October 31, 2024 | 3:30PM
Stuart, 105


David Beaver,  University of Texas at Austin

Please join us for a colloquium talk that will be given by David Beaver (University of Texas at Austin) on Thursday, October 31, at 3:30 p.m. in Stuart 105. Prof. Beaver’s title and abstract are given below.

The colloquium will be followed by a tea (to which dinner will be delivered) in Rosenwald 301. In addition, if you would like to meet with Prof. Beaver one-on-one, please let Sharese know (sharesek@uchicago.edu).

Hell Raising: on the socio-semantics of slurs

 

A theory of slurs must account for three properties. Slurs are: 

1. Ideologically revelatory: bringing a “complex of historical facts and constructed attitudes [...] to attention” although it’s “hard [...] to discern exactly what those attitudes are, or what the precise historical facts being deployed are”, as McCready and Davis put it. 

2. Exigent: forcibly impacting hearers’ emotional states. 

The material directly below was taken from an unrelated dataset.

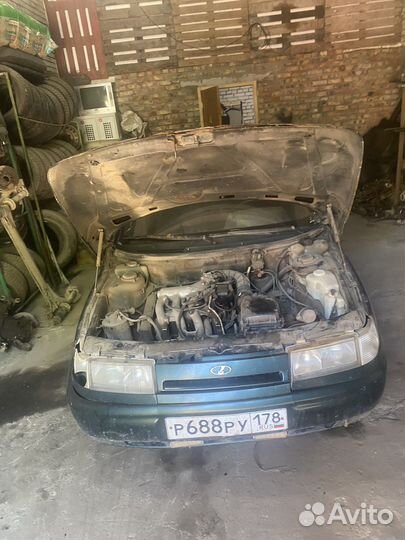 Разбор 2109/2108/2115/2114/21099/2112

3. Hyper-projective: uttering a slur can still have significant communicative effects when the slur is embedded, even within quotation. This blurs the distinction between use and mention. 

The account I will present is drawn from my recent book “The Politics of Language” with Jason Stanley (chapter 9). We show that the above properties result from aspects of conventionalized meaning that are common to language in general, combined with a social milieu in which social groups and their ideologies are in competition.